World must lean on Putin to avert nuclear disaster

 

It’s not every day the International Atomic Energy Agency dispatches monitors looking like Hollywood action heroes on a mission to save civilization. But that’s an apt description of the IAEA team now inspecting the Zaporizhzhia Nuclear Power Plant in Ukraine. It’s Europe’s largest nuclear reactor complex and sits right on the front line between the Ukrainian defenders and Russian invaders. The IAEA’s goal is to avert a radiation disaster.
The Russians seized ZNPP in March and have held it since.
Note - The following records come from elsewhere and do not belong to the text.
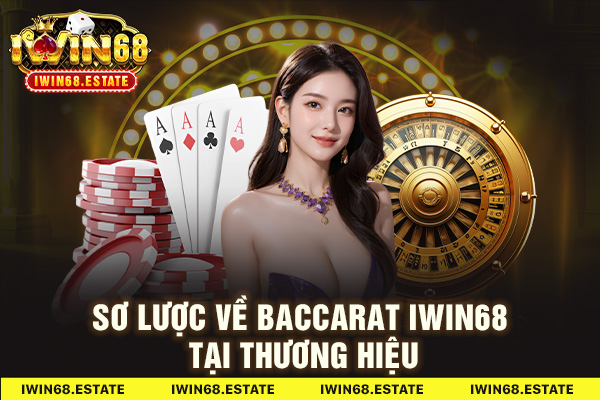 Sơ lược về baccarat Iwin68 tại thương hiệu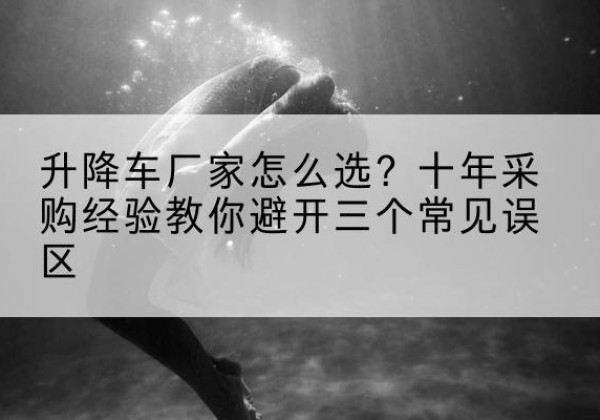 陈巴尔虎旗升降车厂家-怎么选？十年采购经验教你避开三个常见误区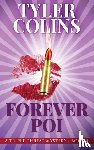 Colins, Tyler - Forever Poi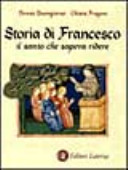 Copertina  Storia di Francesco : il santo che sapeva ridere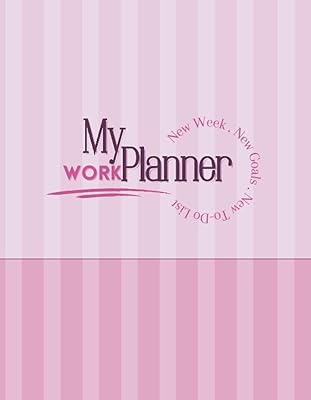My Work Planner - New Week, New Goals, New To-Do List: 52 Weeks - 2 Pages per Week. Simplify Your Days. Clear Overview Of Most Important Tasks For The ... Weekly Planner with 2 pages per Week.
The same Ukrainian engineers — or those who haven’t escaped yet — still run the complex, but now they’re hostages and working under duress. Although the IAEA monitors will talk to them, it’s unclear whether the Ukrainians will be able to speak frankly in the presence of their captors.
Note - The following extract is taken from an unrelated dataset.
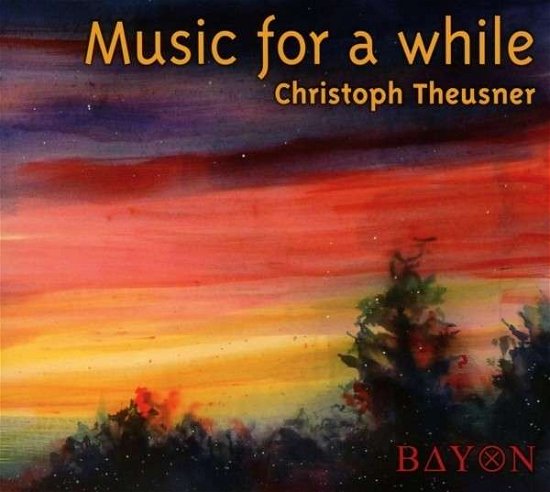 Cover for Christoph Theusner · Music for a While (CD) (2014)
The monitors’ objective is of course to keep the reactor complex safe — that is, to prevent a radiation leak or meltdown reminiscent of the disaster at Chernobyl in 1986. But they will also try to determine which side has been responsible for near-constant shelling at the plant in recent weeks. So far, suspicion falls mainly on the Russians, who have a history of using disinformation, including false-flag operations, in Ukraine and elsewhere.
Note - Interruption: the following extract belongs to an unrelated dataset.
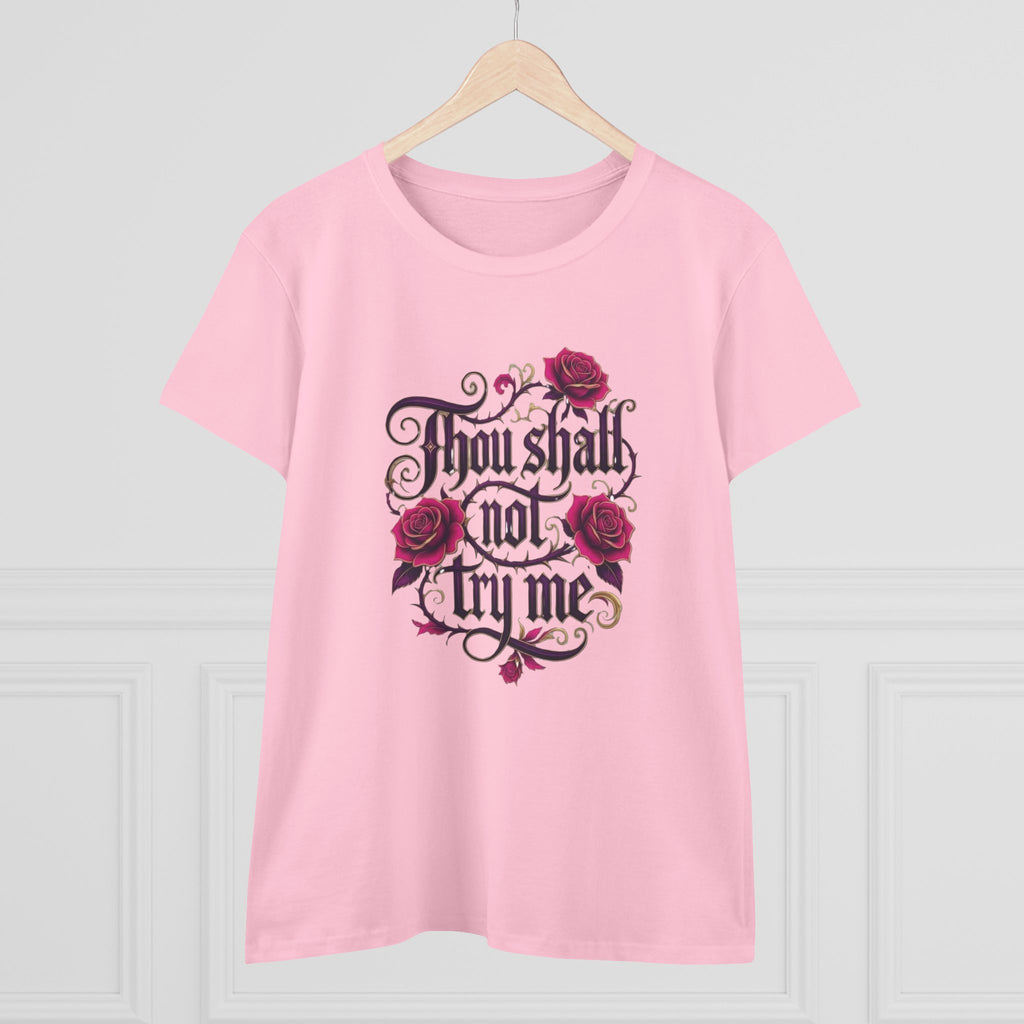 Thou Shall Not Try Me Tee — Floral Script Women's Cotton T‑Shirt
The larger goal of the IAEA must now be to persuade both Russian President Vladimir Putin and his Ukrainian counterpart, Volodymyr Zelenskiy, that Zaporizhzhia must be bracketed out of the fighting. A radiation cloud, should it be released, could waft anywhere — to populations living in European NATO countries, Turkey and the Caucasus, even Russia itself. It would in effect mark the failure of efforts to contain Putin’s war of aggression and could therefore draw in other combatants. Like the use of chemical or nuclear weapons, it would mark a qualitative escalation, raising fears of World War III.
Zelenskiy’s incentives are to keep ZNPP safe. It’s Ukrainians who’d be the first victims of a radiation leak. And Kyiv needs to maintain the support — moral as well as military and economic — of the West and the wider world. Putin’s mind is harder to read. He has pointedly disregarded Western leaders — from French President Emmanuel Macron to German Chancellor Olaf Scholz — who’ve tried to talk reason to him.
But there are some interlocutors he can’t afford to snub.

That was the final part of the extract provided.